そういった歴史に残るアルバムと比較すると、恐らく即効性や取っつき易さに欠ける『New Adventures…』は、(ビートルズの)“ホワイト・アルバム風”の、65分間に渡って繰り広げられる無秩序な作品であった。だが、リスナーに多少の時間と献身を求める一方、このアルバムは内容的に豊かで、人の心を掴んで離さない魅力が随所にちりばめられている。結果的に本アルバムは賞賛を受け続け、その後長い間ずっと、最も過小評価されているR.E.M.の陰の名作と捉えられている。

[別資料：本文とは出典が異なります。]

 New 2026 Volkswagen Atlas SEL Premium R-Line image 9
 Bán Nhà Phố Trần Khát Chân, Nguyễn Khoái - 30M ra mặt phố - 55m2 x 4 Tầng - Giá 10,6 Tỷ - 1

気まぐれで奇抜な本作の音楽性は、無数の方向へと散らばっている。シアトルでのスタジオ・セッションから選び抜かれたのは、嘆きと悲しみに満ちた壮麗なオープニング曲「How The West Was Won And Where It Got Us」で、ここではいつになく厭世的なスタイプが、ベリーの緩やかに駆けるビートと、バックが奏でるエンニオ・モリコーネ風バリトン・ギター・モチーフに乗せて、「これは悲しい物語/これまで何度も語られてきた」と歌っている。一方、音数の少ない「Be Mine」や、ザラついたメランコリックな「E-Bow The Letter」(ここではスタイプが長年の憧れであるパティ・スミスとデュエット)には、『Automatic For The People』の憂いを帯びた牧歌的フォークの響きがあった。一方、スタジオ由来の最後の曲である、物哀しい「New Test Leper」では、スタイプが宗教的な信仰に疑問を呈しており、この曲のタイトルは新約聖書の略称となっていて、その真実性がいかにチェックされるべきかを問うている。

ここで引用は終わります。